Word for word, retype the lines from the one containing "Brick Lane Oversized" to the one containing "Female sporty stylish" below, keeping both end lines and dropping the pictures.

[Records for the exercise Boundary: Start]

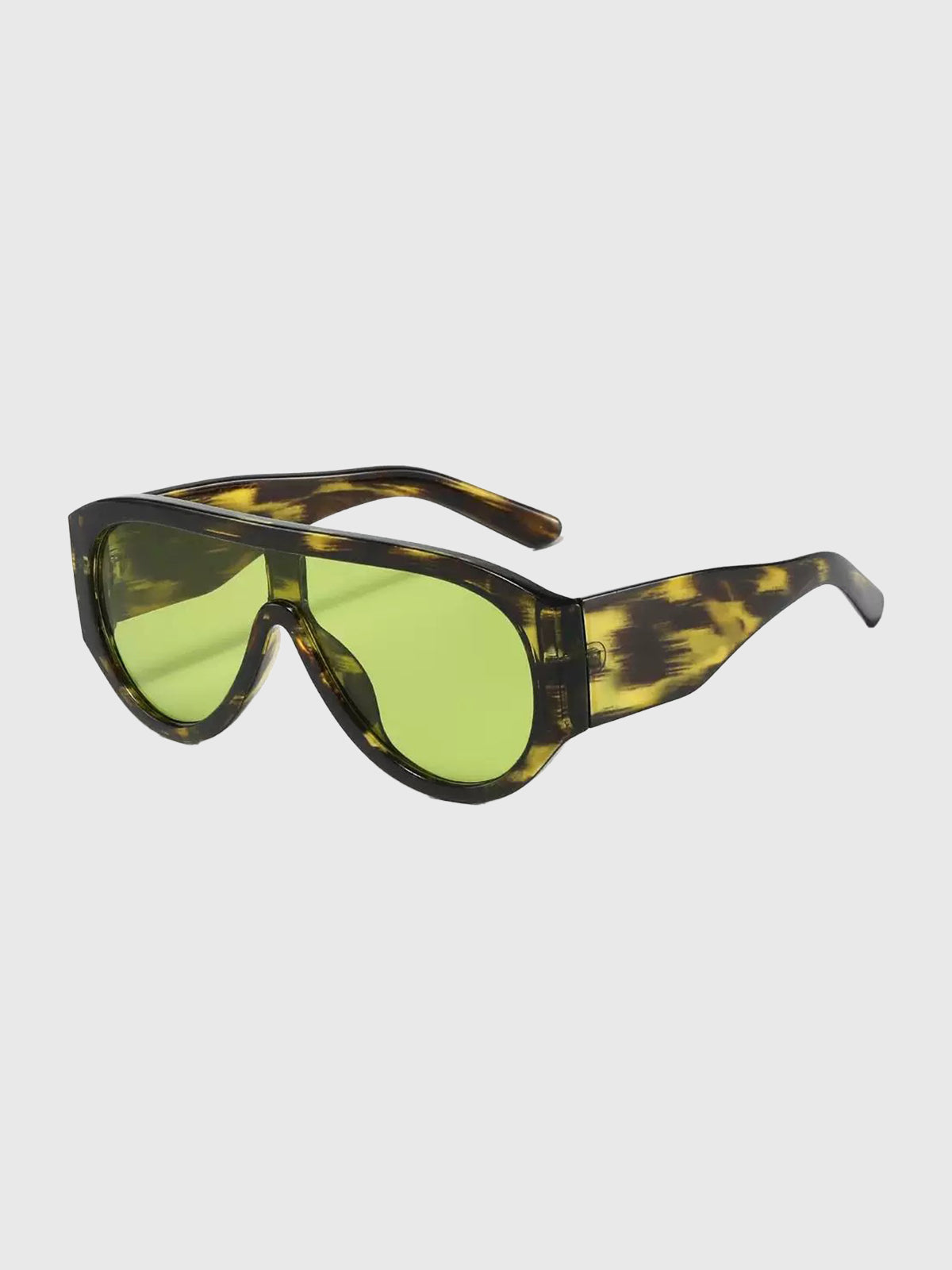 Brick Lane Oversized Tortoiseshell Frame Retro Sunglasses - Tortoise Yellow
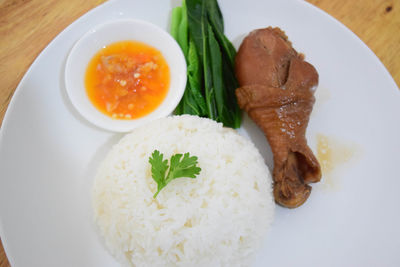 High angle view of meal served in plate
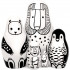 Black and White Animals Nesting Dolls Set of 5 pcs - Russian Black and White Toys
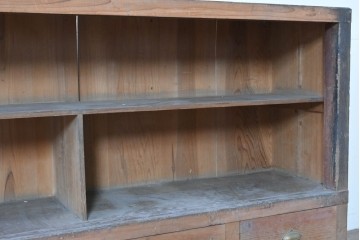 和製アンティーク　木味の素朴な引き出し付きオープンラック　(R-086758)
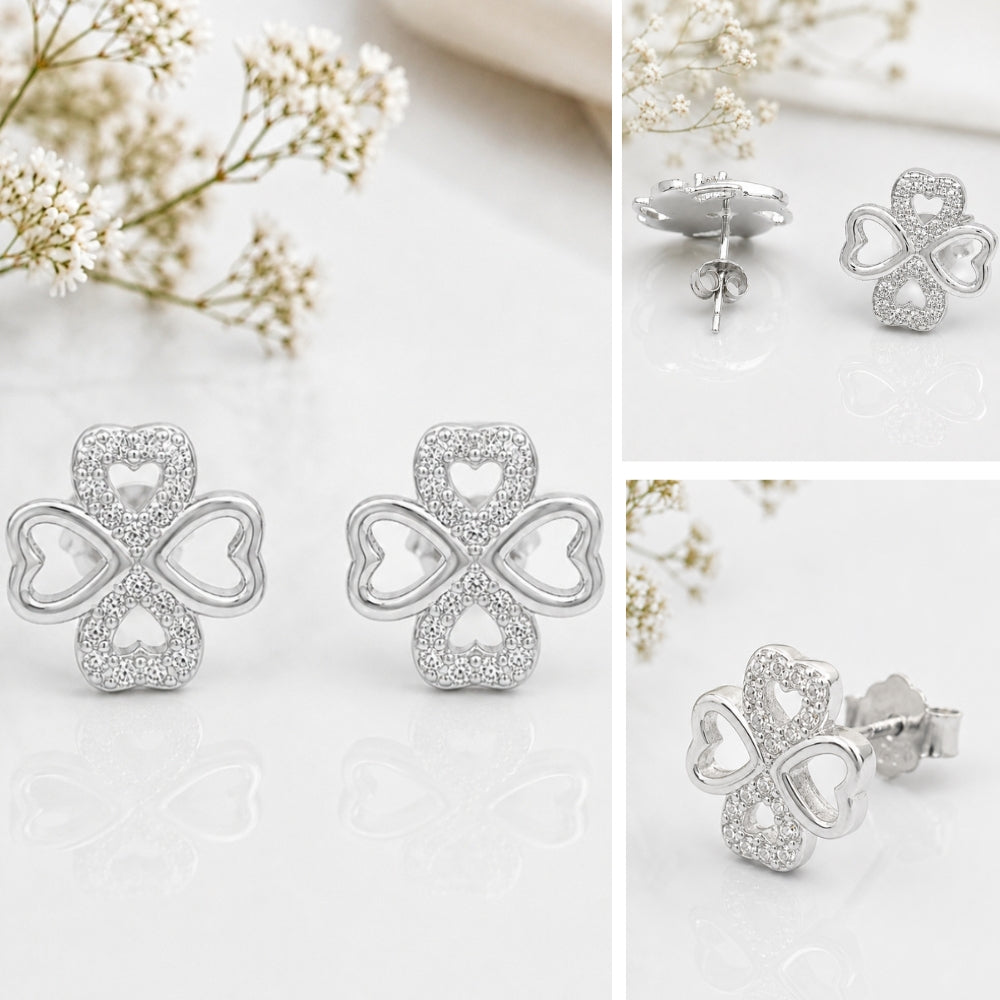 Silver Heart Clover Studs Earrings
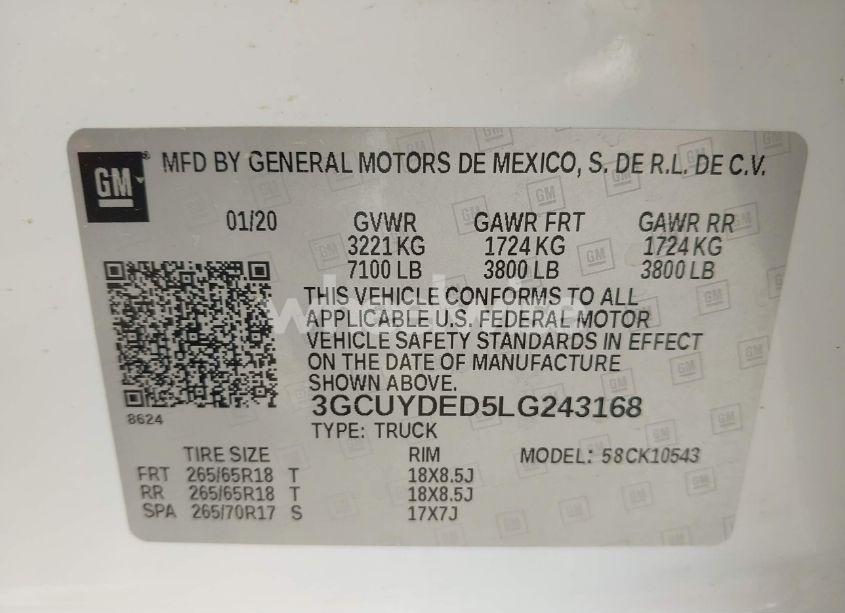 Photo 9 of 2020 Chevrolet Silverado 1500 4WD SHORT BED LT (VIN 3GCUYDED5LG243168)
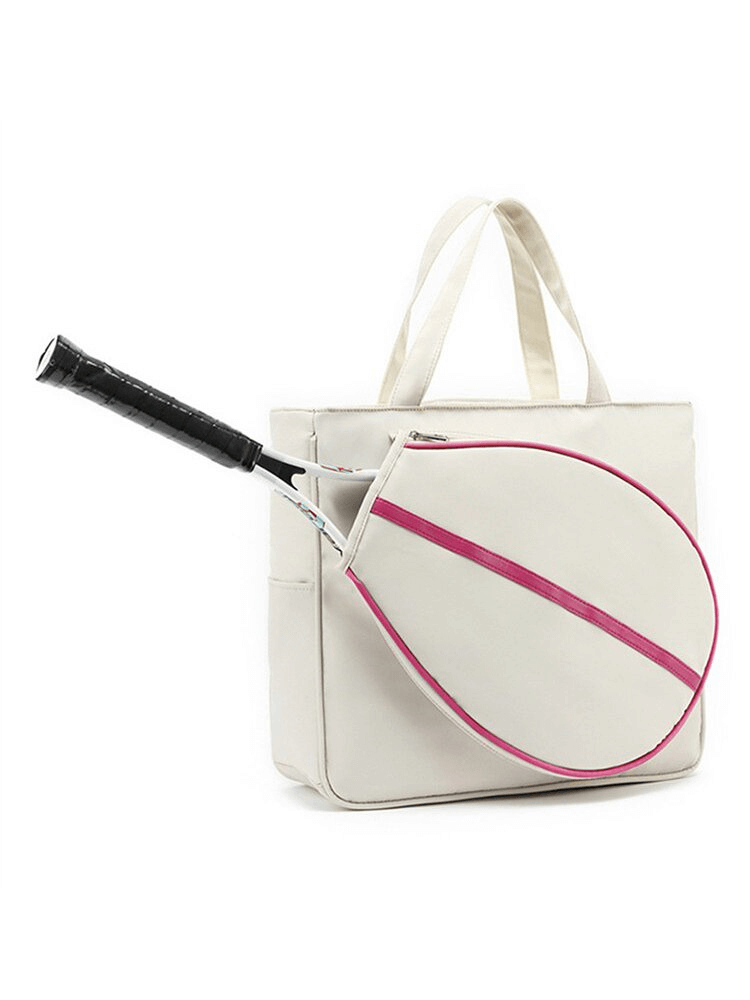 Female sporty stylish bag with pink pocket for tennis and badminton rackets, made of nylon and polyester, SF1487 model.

[Records for the exercise Boundary: End]
[Records for the exercise Boundary: Start]

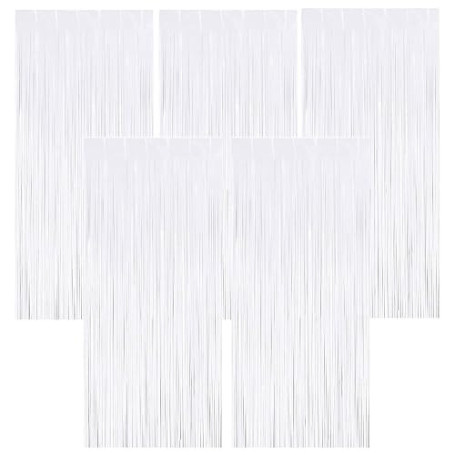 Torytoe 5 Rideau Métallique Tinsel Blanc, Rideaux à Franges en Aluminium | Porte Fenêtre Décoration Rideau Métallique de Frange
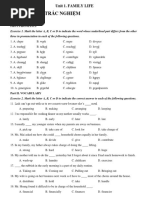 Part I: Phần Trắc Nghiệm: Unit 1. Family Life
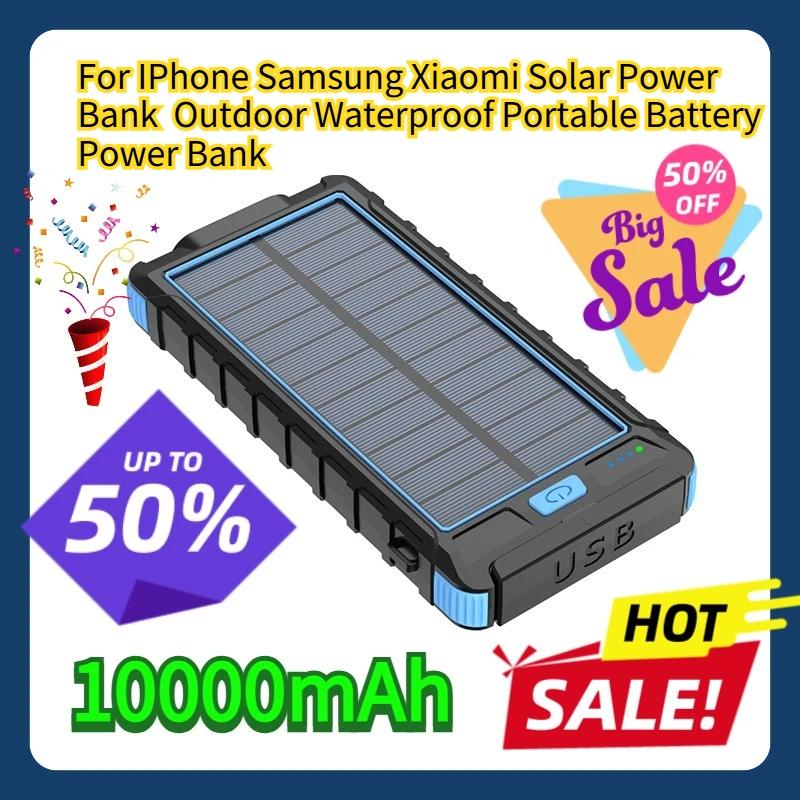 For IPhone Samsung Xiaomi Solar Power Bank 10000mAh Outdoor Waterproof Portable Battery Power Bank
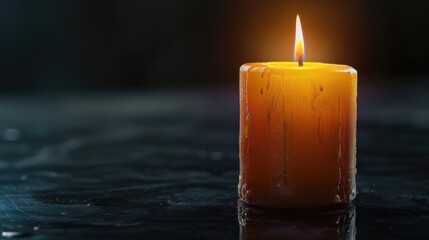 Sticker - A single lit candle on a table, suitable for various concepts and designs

[Records for the exercise Boundary: End]
[Records for the exercise Boundary: Start]

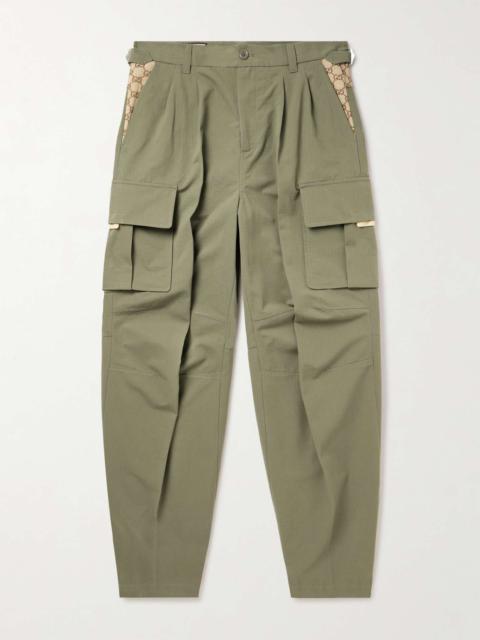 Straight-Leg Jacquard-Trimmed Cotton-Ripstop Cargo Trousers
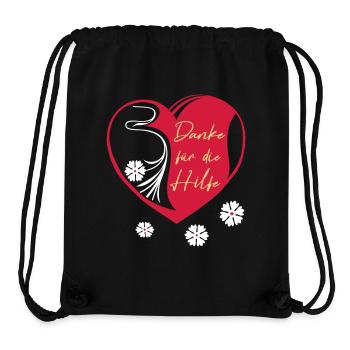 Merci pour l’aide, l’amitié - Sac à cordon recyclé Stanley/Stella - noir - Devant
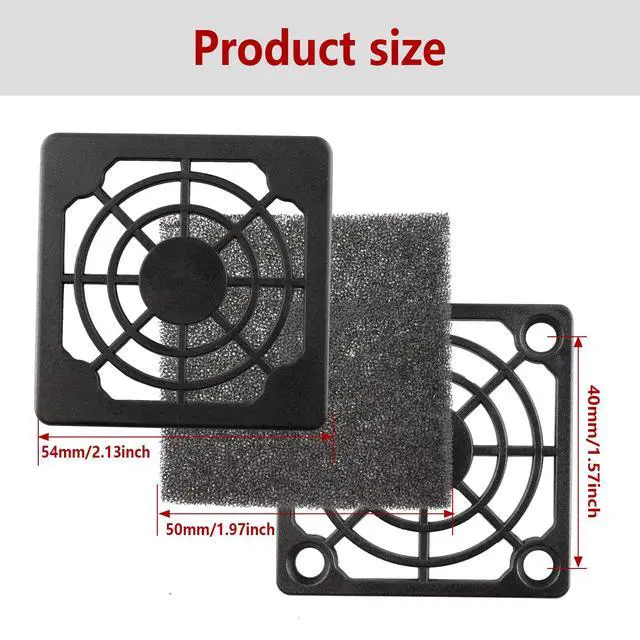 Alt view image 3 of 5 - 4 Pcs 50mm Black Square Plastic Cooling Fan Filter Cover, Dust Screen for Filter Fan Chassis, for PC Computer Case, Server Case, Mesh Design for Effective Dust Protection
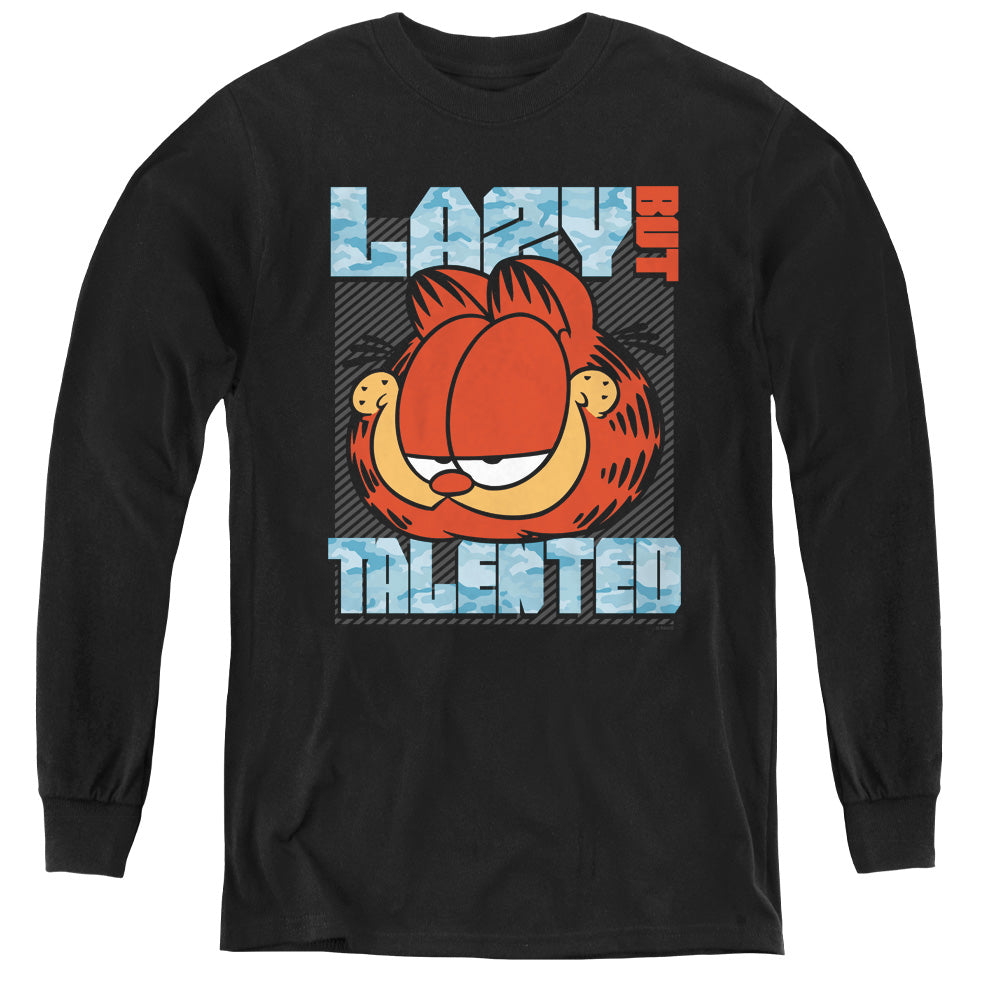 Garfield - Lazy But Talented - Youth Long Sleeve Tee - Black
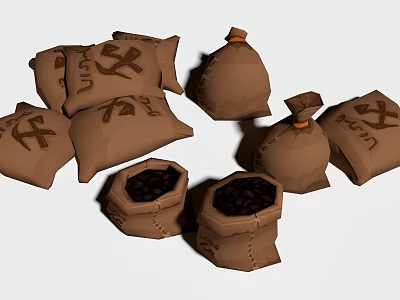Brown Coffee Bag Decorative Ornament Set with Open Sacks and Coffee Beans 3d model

[Records for the exercise Boundary: End]

**Solution to this exercise**
 Brick Lane Oversized Tortoiseshell Frame Retro Sunglasses - Tortoise Yellow
 High angle view of meal served in plate
 Black and White Animals Nesting Dolls Set of 5 pcs - Russian Black and White Toys
 和製アンティーク　木味の素朴な引き出し付きオープンラック　(R-086758)
 Silver Heart Clover Studs Earrings
 Photo 9 of 2020 Chevrolet Silverado 1500 4WD SHORT BED LT (VIN 3GCUYDED5LG243168)
 Female sporty stylish bag with pink pocket for tennis and badminton rackets, made of nylon and polyester, SF1487 model.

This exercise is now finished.